One thing I have been doing, and I do not know why I did not think to blog about it sooner, is pretending I am on a part-time art course at home! I am unable to go to workshops or courses, even those that are half-day, so I have been “creative” in my thinking and simply working on what I can at home.

I have read The Artist’s Way by Julia Cameron, and also listened to a recording of an interview with her, which talks about ideas from the book. Here is my feedback to the friend who lent the book to me:

I have really enjoyed reading it and have made quite a few notes of inspirational parts and bits that “apply” to me. It has been quite interesting to note that some areas are not a problem due to my current situation – I hardly care about giving up financial security to be an artist etc, and have worked through quite a few of the issues she suggests just by being ill for so long. On the flip side, I cannot take part in many of the exercises suggested and found it a bit exclusionary (such as “Go for a walk every day”), though she can hardly be blamed for that as people who are too ill to work as artists (or even go to an evening class/write morning pages) are hardly her target audience! I am at least blessed with much time alone which many people find hard to get.
It has been an interesting part of my “journey” to realise that creativity is so important to me and my sense of self and meaning to life, it is something that has been left with me after much else is stripped away. I am not able to do much at all currently but I feel I am not blocked particularly, which was nice to explore – I am often buzzing with ideas and do write them down. I lack the physical ability to develop skills to realise the ideas to a satisfactory standard, but maybe one day I will be an art student (ahh to dream). In the meantime I am reading art books, watching arty programmes and immersing myself in it when possible. My friend says that some artists just do the ideas bit and others do the actual art-making, but I feel the interaction with the medium is kind of important! hmm. Been watching artists at work on dvd and it is all so physical! I can’t even draw for more than a few mins. Am I the world’s least productive artist? I still think there is a benefit to “being” an artist, seeing the world in that way even if not “doing”, as such.

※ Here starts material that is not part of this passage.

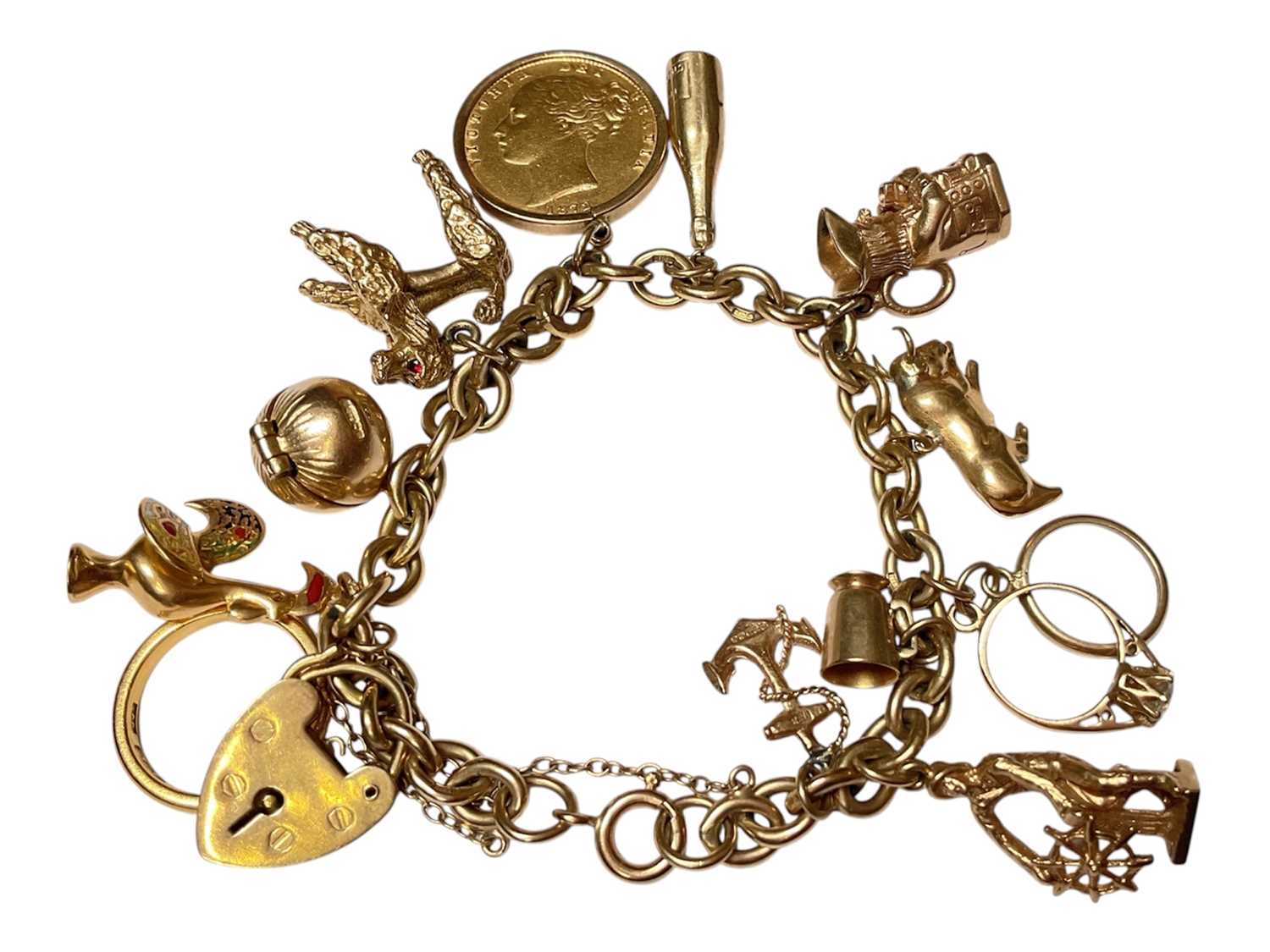 Lot 51 - Gold charm bracelet with a Victorian gold full sovereign 1872, 22ct gold wedding ring, various 9ct gold charms etc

I have joined the mobile library and have been borrowing art books to read. So far I have read a book about Louise Bourgeois, some books on drawing and printmaking, as well as Enclosure by Andy Goldsworthy. I was also given Wood by Goldsworthy, a book I remember seeing when it was first published about 15 years ago. I was a student and it cost several times my weekly food budget at the time. I have yet to read much of it, I am saving it for looking at in times when I need some special comfort and distraction. I have read a few pages so far and am being strict with myself, making sure I read the text on each page rather than skipping ahead and just looking at the pictures. This way the book will last much longer and I will get more from it. I also bought his DVD Rivers and Tides, which is just beautiful; both rich and inspiring as well as gentle and restful – what more could someone ill yet creative want?

A good friend also sent me some programmes from the TV series Imagine to watch. One was about Anish Kapoor, one about David Hockney and one about Anthony Gormley (which I had seen before). I really loved watching the first two and found them fascinating. As I said above, it did hammer home how physical being an artist usually is – watching David Hockney (not a young man) stand at the side of the road all day, day after day, painting giant canvases really made him seem super-human to me.

Another friend has been sending me books to borrow. Most recently Paper Tear Fold Rip Crease Cut by Paul Sloman and a book by Rob Ryan (You Can Still Do A Lot With A Small Brain), both very interesting.

I am hoping that these activities will feed me creatively and accumulate somewhere in my brain for later use. When I am unwell, it is easier to read a little or watch a tv programme than it is to do creative activities, so I am just doing what I can for now.